**AIM OF THE TASK:** Restate word for word the lines in the listing below, starting at the line containing "Ivory Knit and Camel Trousers" and ending at the line containing "Herren Hemd aus", both included; leave out the rest.

**DATA EXTRACT:**
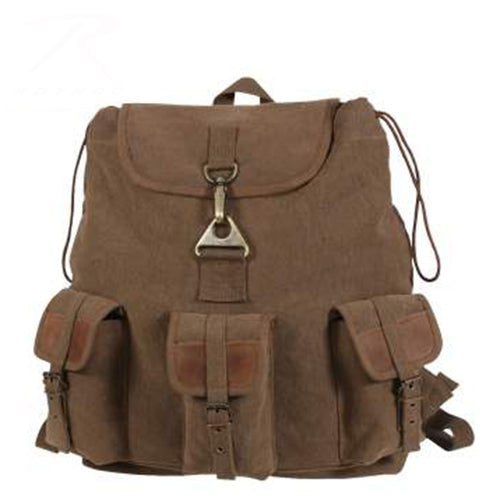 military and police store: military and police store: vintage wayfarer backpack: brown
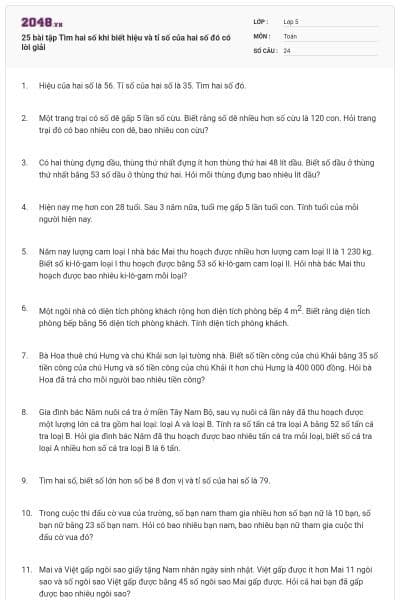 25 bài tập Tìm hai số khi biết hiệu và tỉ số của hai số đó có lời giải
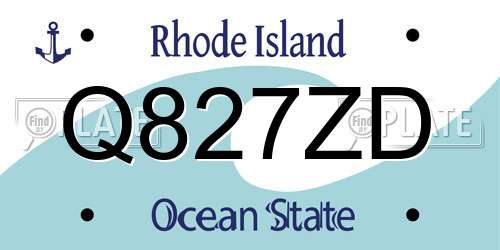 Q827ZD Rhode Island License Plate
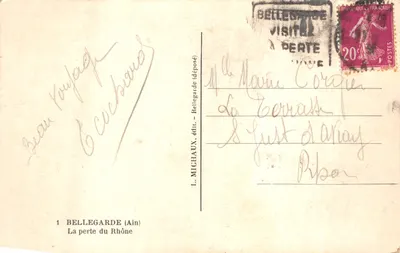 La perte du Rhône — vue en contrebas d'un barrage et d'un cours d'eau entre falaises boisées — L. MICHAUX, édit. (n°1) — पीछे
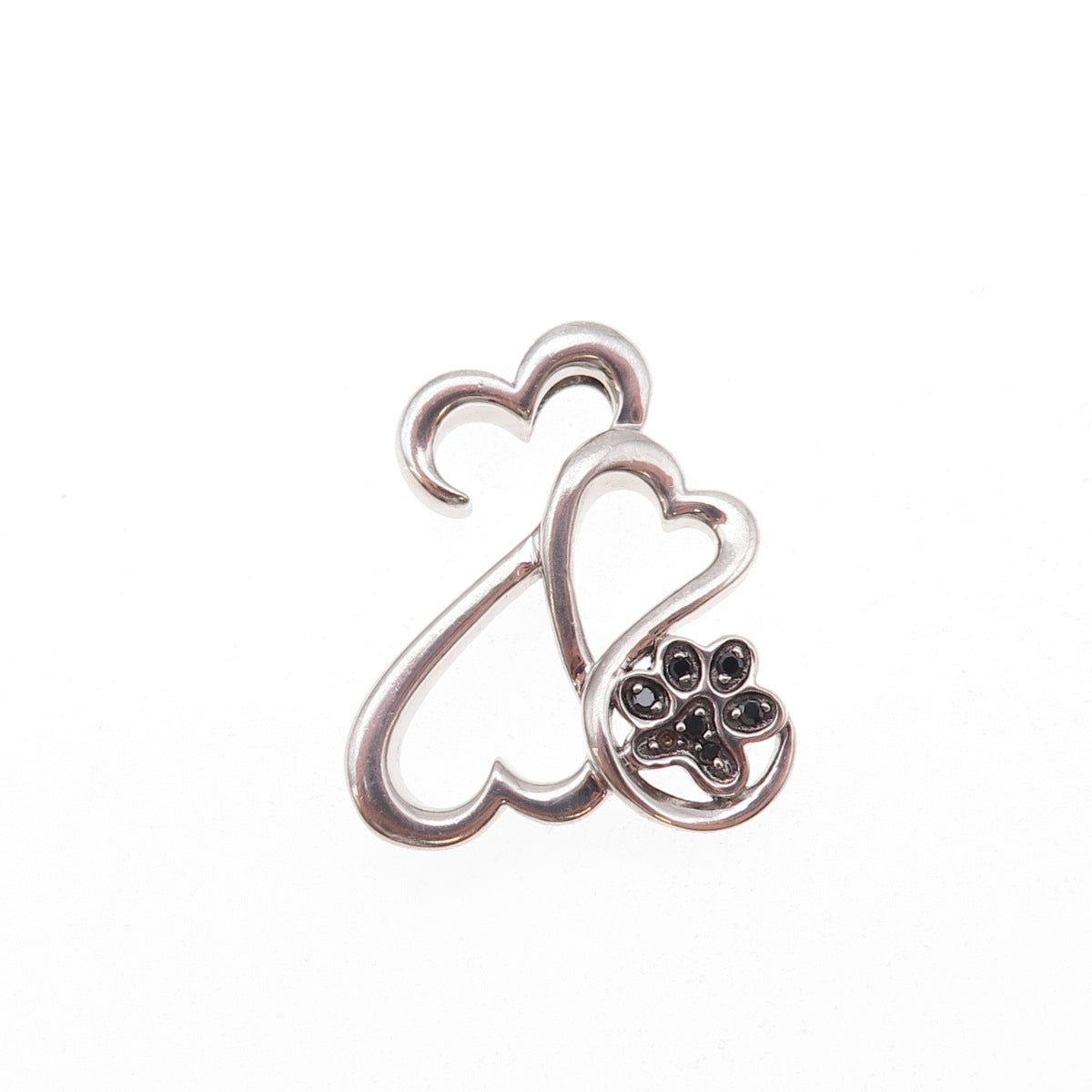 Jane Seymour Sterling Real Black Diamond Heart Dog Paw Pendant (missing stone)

==

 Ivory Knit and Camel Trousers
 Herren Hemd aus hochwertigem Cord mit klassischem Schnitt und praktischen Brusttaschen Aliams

**EXERCISE RESPONSE:**
 Ivory Knit and Camel Trousers
 Herren Hemd aus hochwertigem Cord mit klassischem Schnitt und praktischen Brusttaschen Aliams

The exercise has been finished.